Oleh karena tugas yang telah diembannya tersebut membimbing manusia
ke jalan yang benar, maka sebagai umat muslim kita perlu mengenal siapa saja
nabi dan rasul yang diutus Allah. Tidak hanya nama, kita juga harus mengetahui
tugas-tugas beliau, sifat-sifat beliau dan bagaimana cara dakwah para nabi dan
rasul dalam mentauhidkan Allah SWT. Khususnya kepada Nabi Muhammad SAW sebagai
nabi terakhir sebagai tauladan dan pemberi rahmat bagi seluruh alam.
II.
RUMUSAN
MASALAH
A.
Apa yang
Dimaksud dengan Nabi dan Rasul ?
B.
Berapa
Jumlah Nabi dan Rasul yang Telah Dipilih oleh Allah?
C.
Bagaimana
Sifat-sifat Nabi dan Rasul Allah?
D.
Bagaimana
Kemaksuman Para Nabi dan Rasul Allah?
E.
Mengapa
Nabi Muhammad Disebut sebagai Nabi Terakhir?
F.
Bagaimana
Cara Dakwah Nabi Muhammad SAW untuk Seluruh Umat?
A.
Pengertian
Nabi dan Rasul Allah
[1]Ar-Rasul (الرسول) diambil dari kata al-irsal ((الإرسال, yang berarti utusan dan pengaraha. Dengan demikian, rasul
berarti delegasi, yaitu orang yang membawa berita dari orang yang mengutusnya.
Allah berfirman :
وَإَنّىمُرْسِلَةٌ إِليْهِم بِهَدِيَّةٍ فَنَاظِرَةُ ۢ بِمَ يَرْجِعُ
الْمُرْسَلُونَ
“Dan sungguh, aku akan mengirim utusan kepada
mereka dengan (membawa) hadiah, dan (aku) akan menunggu apa yang akan dibawa
kembali oleh para utusan itu.” (An-Naml:35)
Dengan
demikian, penyebutan rasul adalah dikarenakan Allah telah
mengutus dan mengirim mereka dengan membawa risalah kepada umat mereka, serta
membebankan kepada mereka agar membawa dan menyampaikan risalah tersebut.

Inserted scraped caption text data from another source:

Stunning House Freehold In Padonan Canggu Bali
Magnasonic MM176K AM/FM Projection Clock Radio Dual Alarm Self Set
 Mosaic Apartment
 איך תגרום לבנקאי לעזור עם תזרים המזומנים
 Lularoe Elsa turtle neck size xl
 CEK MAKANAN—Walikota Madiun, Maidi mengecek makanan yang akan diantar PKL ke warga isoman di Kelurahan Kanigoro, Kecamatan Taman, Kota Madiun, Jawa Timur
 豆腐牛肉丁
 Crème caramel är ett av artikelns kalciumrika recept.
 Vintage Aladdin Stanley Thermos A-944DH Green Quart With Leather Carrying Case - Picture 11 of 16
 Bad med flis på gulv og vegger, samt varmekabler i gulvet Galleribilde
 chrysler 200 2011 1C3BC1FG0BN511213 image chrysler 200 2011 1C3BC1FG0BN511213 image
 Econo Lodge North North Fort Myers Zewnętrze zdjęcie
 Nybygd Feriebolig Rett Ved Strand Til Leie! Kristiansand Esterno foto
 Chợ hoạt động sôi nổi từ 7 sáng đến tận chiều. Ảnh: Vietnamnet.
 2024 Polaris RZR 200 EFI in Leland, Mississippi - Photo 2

Allah
berfirman :
ثُمَّ أَرْسَلْنَا رُسُلَنَا تَتْرَا ۖ
“Kemudian kami utum rasul-rasul Kami
berturut-turut.” (Al-Mu’minun:44)
Rasul
adalah seorang yang diutus oleh Allah SWT kepada manusia, dari Tuhan untuk ciptaan-Nya
B.
Jumlah
Nabi dan Rasul
Bilangan Nabi dan Rasul Allah telah disebutkan dalam Al Qur’an dan
hadits. Baik 25 nabi dan rasul yang wajib kita imani maupun beberapa nabi-nabi
lainnya yang kita imani pula dengan
jumlah yang lebih banyak lagi.
1.
Jumlah
Nabi dan Rasul Allah dalam Al Qur’an
Para ulama menetapkan bahwa, setiap mukalaf harus mempercayai bahwa
Allah mengutus beberapa rasul dan mengutus beberapa nabi.[2] Di
dalam Al Qur’an disebutkan dengan jelas nama beserta kisah nabi dan rasul yang
wajib diimani oleh umat muslim berjumlah 25 orang. Delapan belas diantara dua
puluh lima nama nabi dan rasul tersebut disebutkan dalam ayat 83, 84, 85 dan 86
Surat AL An’am. Nabi dan rasul yang disebutkan dalam Q.S Al An’am diantaranya: Ibrahim,
Ishaq, Ya’qub, Nuh, Daud, Sulaiman, Ayub, Yusuf, Musa, Harun, Zakariya, Yahya,
Isa, Ilyasa, Ismail, Ilyas, Yunus dan Luth. Sedangkan tujuh rasul lainnya
diungkapkan di dalam beberapa ayat terpisah di dalam Al Qur’an. Diantaranya,
Adam, Idris, Shaleh, Syu’aib, Hud, Zulkifli dan nabi Muhammad SAW. Selain itu,
Allah juga menyebutkan beberapa nabi lain, tetapi tidak disebutkan namanya.[3]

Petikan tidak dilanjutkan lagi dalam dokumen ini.